18/06/2012 başlangıç tarihli araç kiralama sözleşmesi konusunda taraflar arasında uyuşmazlık bulunmamaktadır. Sözleşmenin SİGORTA başlıklı C bendinde; kiralayanın, araçlarını Kara Yolları Trafik Yasası uyarınca Mecburi Mali Mesuliyet Sigortası ile sigortalamış olduğu, kiracı için ilave bir pirim ödemesi gerektirmeyen Zorunlu Mali Mesuliyet Sigortası ile kazaya karışan Erboy aracını kullanan kişi haricindeki 3.şahısların tedavi giderleri ile maddi hasarların, ölüm ve sakatlık giderlerinin kanunla çizilmiş limitler dahilinde karşılanacağı belirtilmiş ve kiracının %100 kusurlu olduğu durumlarda sigortanın geçersiz sayılarak kiracının zararın tamamından şahsen sorumlu olacağı kararlaştırılmıştır. 26.06.2012 tarihli kaza tespit tutanağına göre davalının kullanımında olan kiralama konusu aracın, davalının kırmızı ışıkta geçmesi nedeniyle asli ve tam kusurlu olarak kazaya sebebiyet verdiği ve %100 kusurlu bulunduğu, mevcut Kasko Sigorta Poliçesine göre de aracın Kasko süresinin 04.05.2012 tarihinde dolduğu ve kaza tarihinde Kasko Sigortası Poliçe bilgisine rastlanılmadığı anlaşılmaktadır.
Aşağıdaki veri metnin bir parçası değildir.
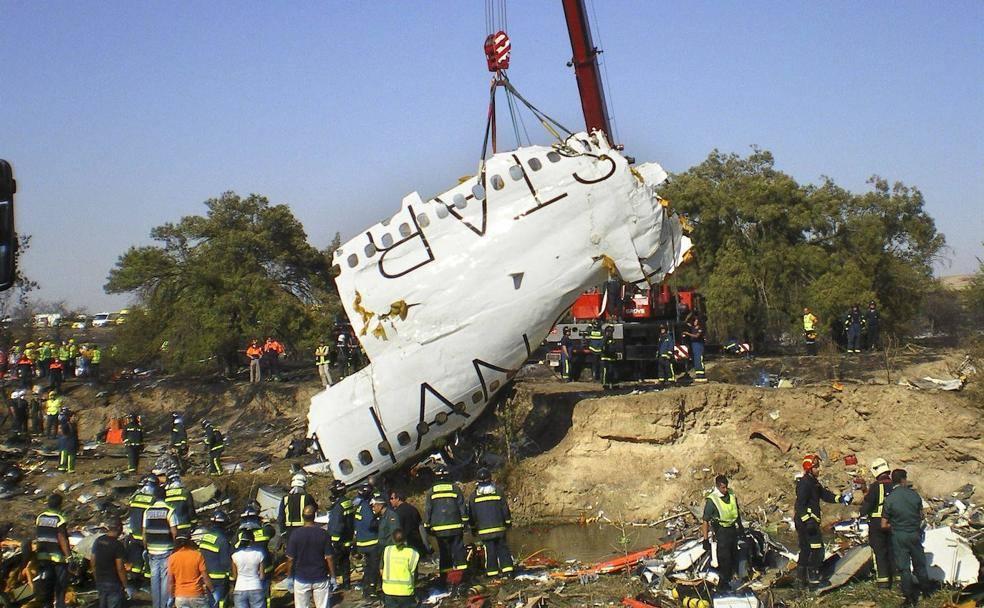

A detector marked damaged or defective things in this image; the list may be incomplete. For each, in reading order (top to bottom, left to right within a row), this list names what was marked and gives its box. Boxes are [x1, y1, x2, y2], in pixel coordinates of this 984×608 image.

damaged aircraft section [308, 131, 692, 482]
crashed airplane fuselage [312, 132, 688, 484]
broken fuselage panel [308, 132, 692, 484]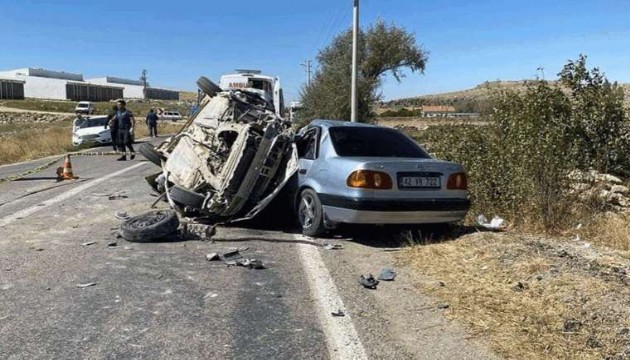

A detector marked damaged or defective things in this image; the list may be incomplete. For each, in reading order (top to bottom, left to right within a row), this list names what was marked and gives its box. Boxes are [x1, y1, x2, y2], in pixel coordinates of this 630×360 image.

overturned white truck [139, 71, 298, 221]
wrecked silver sedan [139, 77, 298, 221]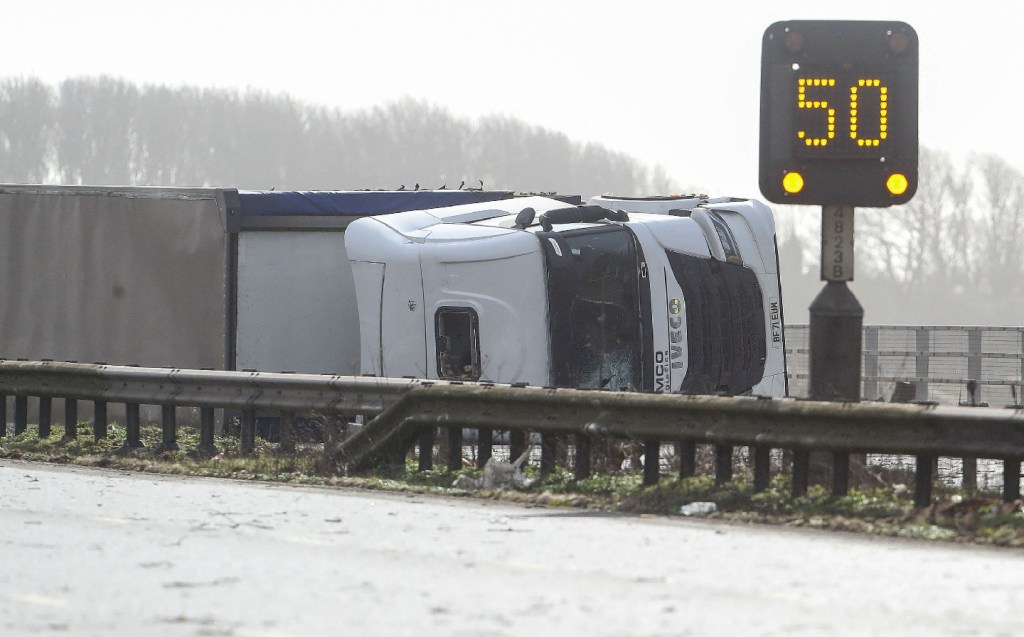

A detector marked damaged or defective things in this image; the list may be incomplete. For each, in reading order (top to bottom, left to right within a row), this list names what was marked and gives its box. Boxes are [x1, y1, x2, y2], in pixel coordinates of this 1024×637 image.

overturned white truck [0, 182, 782, 397]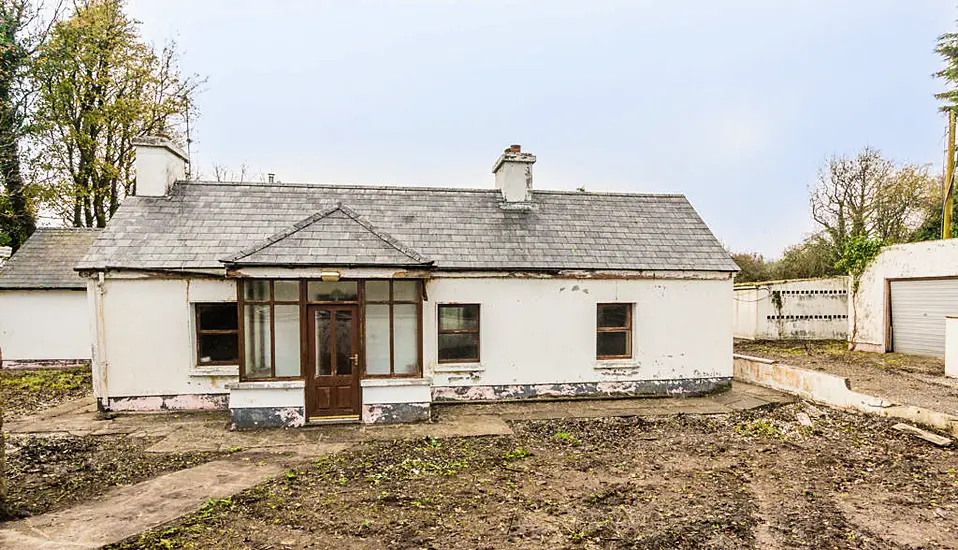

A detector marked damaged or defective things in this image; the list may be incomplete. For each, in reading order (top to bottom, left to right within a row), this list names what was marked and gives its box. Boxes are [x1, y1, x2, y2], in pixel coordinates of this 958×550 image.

rusted window frame [194, 304, 240, 368]
rusted window frame [238, 282, 302, 382]
rusted window frame [364, 280, 424, 380]
rusted window frame [440, 304, 484, 364]
rusted window frame [596, 304, 632, 360]
peeling exterior paint [107, 394, 229, 412]
peeling exterior paint [231, 406, 306, 432]
peeling exterior paint [364, 406, 432, 426]
peeling exterior paint [432, 380, 732, 406]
Her ne kadar davacı kiralayan, kiralama konusu araç için Mecburi Mali Mesuliyet Sigortasının olmasını taahhüt etmiş ise de, sözleşmede açıkça kararlaştırıldığı üzere kiracının %100 kusurlu olduğu durumlarda sigorta geçersiz sayılacağından Mahkemece; kiracının asli ve tam kusurlu olarak sebebiyet verdiği kaza sonucu oluşan zarardan sorumlu olması gerekeceği gözetilerek davacının taleplerinin değerlendirilmesi ve sonucuna göre karar verilmesi gerekirken yazılı şekilde eksik inceleme ile davanın reddine karar verilmesi doğru değildir.
Hüküm bu nedenle bozulmalıdır.
SONUÇ; Yukarıda açıklanan nedenlerle temyiz itirazlarının kabulü ile 6100 sayılı …ya 6217 Sayılı Kanunla eklenen geçici 3.madde hükmü gözetilerek HUMK.nın 428.maddesi uyarınca hükmün BOZULMASINA, istek halinde peşin alınan temyiz harcının temyiz edenlere iadesine, 6100 sayılı HMK’nun geçici madde 3 atfıyla 1086 sayılı HUMK.nun 440.maddesi gereğince karar düzeltme yolu açık olmak üzere, 01.03.2017 tarihinde oybirliğiyle karar verildi.